__Activity__. In the records below, find the line holding "Tuscan Tempo Cozy Medieval Apt in Chianti" and the line holding "韩国美女跳舞直播_直播美女跳舞_美女跳舞直播". Set down both, with every line between them, exactly.

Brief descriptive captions
※

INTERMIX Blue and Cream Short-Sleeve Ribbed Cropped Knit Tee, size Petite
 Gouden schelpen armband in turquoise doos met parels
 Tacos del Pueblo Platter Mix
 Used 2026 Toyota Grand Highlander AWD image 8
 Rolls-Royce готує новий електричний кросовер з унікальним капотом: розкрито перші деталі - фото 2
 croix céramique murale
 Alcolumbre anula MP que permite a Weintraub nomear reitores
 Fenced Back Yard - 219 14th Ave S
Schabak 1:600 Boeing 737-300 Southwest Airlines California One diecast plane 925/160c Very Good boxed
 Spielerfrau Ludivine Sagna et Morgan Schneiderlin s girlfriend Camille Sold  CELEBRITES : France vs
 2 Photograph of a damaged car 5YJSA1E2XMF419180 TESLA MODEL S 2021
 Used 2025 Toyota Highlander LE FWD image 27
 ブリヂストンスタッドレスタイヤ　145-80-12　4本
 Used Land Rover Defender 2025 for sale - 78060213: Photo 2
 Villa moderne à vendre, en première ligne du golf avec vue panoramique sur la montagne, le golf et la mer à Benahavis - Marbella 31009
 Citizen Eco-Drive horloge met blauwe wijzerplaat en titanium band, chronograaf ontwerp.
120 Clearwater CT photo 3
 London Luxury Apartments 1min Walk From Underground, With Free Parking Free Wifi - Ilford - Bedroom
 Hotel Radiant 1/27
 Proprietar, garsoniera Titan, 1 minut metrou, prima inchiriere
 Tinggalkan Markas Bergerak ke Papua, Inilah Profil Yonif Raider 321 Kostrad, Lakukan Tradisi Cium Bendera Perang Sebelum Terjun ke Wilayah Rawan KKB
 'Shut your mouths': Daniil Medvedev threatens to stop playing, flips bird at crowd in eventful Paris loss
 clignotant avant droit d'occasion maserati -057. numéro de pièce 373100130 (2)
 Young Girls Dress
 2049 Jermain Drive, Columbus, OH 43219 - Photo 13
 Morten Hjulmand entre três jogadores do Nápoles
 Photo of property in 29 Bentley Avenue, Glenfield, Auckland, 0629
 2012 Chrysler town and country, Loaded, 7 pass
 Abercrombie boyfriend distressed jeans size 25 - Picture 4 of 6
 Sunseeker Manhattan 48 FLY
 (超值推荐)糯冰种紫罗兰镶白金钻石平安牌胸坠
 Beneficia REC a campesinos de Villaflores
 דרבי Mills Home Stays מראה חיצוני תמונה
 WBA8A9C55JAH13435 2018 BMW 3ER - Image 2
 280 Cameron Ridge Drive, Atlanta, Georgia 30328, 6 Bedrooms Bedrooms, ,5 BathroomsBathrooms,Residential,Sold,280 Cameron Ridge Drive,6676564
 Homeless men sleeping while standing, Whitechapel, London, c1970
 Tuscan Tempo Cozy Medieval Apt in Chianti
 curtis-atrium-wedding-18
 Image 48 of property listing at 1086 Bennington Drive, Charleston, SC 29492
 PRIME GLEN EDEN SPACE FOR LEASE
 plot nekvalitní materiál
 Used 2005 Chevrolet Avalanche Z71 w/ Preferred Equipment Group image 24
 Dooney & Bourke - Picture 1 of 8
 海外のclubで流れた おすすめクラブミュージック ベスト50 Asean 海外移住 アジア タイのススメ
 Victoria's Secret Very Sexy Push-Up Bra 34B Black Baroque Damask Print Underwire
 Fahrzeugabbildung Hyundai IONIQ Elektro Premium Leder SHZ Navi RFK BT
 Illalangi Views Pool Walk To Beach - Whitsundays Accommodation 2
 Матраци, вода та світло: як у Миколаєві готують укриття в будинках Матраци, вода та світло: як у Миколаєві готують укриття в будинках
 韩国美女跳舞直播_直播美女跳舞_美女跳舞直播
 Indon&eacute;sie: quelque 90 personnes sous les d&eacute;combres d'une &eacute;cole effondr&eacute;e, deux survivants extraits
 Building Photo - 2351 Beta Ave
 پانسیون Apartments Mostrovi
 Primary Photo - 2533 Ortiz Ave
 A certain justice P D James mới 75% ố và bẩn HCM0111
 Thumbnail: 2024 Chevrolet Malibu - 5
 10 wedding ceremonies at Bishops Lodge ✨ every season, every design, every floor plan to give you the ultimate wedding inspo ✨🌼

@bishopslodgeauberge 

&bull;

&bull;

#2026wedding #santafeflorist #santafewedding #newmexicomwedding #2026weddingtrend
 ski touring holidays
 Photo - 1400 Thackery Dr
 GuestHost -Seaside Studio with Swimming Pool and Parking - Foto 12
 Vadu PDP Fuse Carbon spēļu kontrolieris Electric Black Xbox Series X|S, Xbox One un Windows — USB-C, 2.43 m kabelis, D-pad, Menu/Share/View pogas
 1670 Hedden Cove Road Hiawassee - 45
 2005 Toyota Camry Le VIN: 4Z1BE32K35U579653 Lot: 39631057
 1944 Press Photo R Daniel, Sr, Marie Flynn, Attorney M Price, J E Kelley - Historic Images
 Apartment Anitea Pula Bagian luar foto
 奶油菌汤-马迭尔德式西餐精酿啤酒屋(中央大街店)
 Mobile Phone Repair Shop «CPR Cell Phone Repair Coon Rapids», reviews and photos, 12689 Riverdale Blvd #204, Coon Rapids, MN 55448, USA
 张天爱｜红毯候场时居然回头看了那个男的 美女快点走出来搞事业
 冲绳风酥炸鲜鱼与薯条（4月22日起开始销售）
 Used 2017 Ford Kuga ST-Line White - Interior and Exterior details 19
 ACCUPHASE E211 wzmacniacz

※

__Solution for this exercise__.
 Tuscan Tempo Cozy Medieval Apt in Chianti
 curtis-atrium-wedding-18
 Image 48 of property listing at 1086 Bennington Drive, Charleston, SC 29492
 PRIME GLEN EDEN SPACE FOR LEASE
 plot nekvalitní materiál
 Used 2005 Chevrolet Avalanche Z71 w/ Preferred Equipment Group image 24
 Dooney & Bourke - Picture 1 of 8
 海外のclubで流れた おすすめクラブミュージック ベスト50 Asean 海外移住 アジア タイのススメ
 Victoria's Secret Very Sexy Push-Up Bra 34B Black Baroque Damask Print Underwire
 Fahrzeugabbildung Hyundai IONIQ Elektro Premium Leder SHZ Navi RFK BT
 Illalangi Views Pool Walk To Beach - Whitsundays Accommodation 2
 Матраци, вода та світло: як у Миколаєві готують укриття в будинках Матраци, вода та світло: як у Миколаєві готують укриття в будинках
 韩国美女跳舞直播_直播美女跳舞_美女跳舞直播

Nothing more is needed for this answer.